Is there a guide for best practice and legal requirements?
Volunteering England has a ten-step quality standard. It is an independent charity and membership organisation committed to supporting, enabling and celebrating volunteering in all its diversity. The National Council for Voluntary Organisations, which represents 16,000 voluntary organisations, community groups and social enterprises across England, also publishes useful guidance on its website.
What should a volunteer agreement include?
Some organisations use volunteer agreements to ensure separation from employment contracts. These are helpful to define what you would like a volunteer to do and set boundaries of expectations, but they should avoid any terms implying contractual obligations.
Should charities have a written guide detailing the volunteer’s role?
Managing a volunteer’s enthusiasm and directing their energy in the desired way requires skilful oversight, either by an employee or an experienced volunteer with a demonstrable track record. When recruiting volunteers, it is advisable to set out what the parameters of the role will be. This needs to be recorded in writing, agreed with the volunteer and preferably signed and dated. Having this documented record will help your insurer defend your position should an incident arise where a volunteer is injured and it involved activity outside the agreement.
Do volunteers need to have a DBS check?
In general, providers and managers of regulated health, child and adult social care services have to ensure that all staff (including volunteers) who come into contact with children or vulnerable adults have a satisfactory DBS check. More information on DBS checks can be found on the gov.uk website.
Do charities need to insure volunteers?
Legally speaking, you don’t have to. However, doing so can offer the volunteer the same protection as one of your employees, should a claim be made involving the volunteer, as well as protecting you if the volunteer brings a claim against you. Despite your best efforts to keep the distinction clear between employees and volunteers, there can be situations where the law regards a volunteer as an employee. This can be complicated and lead to disputes with insurers, so it is always best to have volunteers included within the policy definition of employees.

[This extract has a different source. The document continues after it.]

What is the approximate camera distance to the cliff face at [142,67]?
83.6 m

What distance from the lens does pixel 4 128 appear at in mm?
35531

Most liability policies extend to protect employees against claims made against them while working for you (in the same way as you would be if the claim was made against you). Including volunteers within the policy definition of employee ensures that they have the benefit of your policy cover should they have the misfortune of having a claim made against them while volunteering for you. The same applies where you arrange other covers for the protection of your employees, for example, assault or personal accident cover. Including volunteers within the definition ensures that they get the benefit of cover under the policy.
How can charities ensure insurance is ‘fit for purpose’?
Check your policy wording, particularly if you have more than one insurer covering your liabilities and ensure that such covers dovetail together (a specialist charity insurer will usually be able to provide this cover within one comprehensive policy).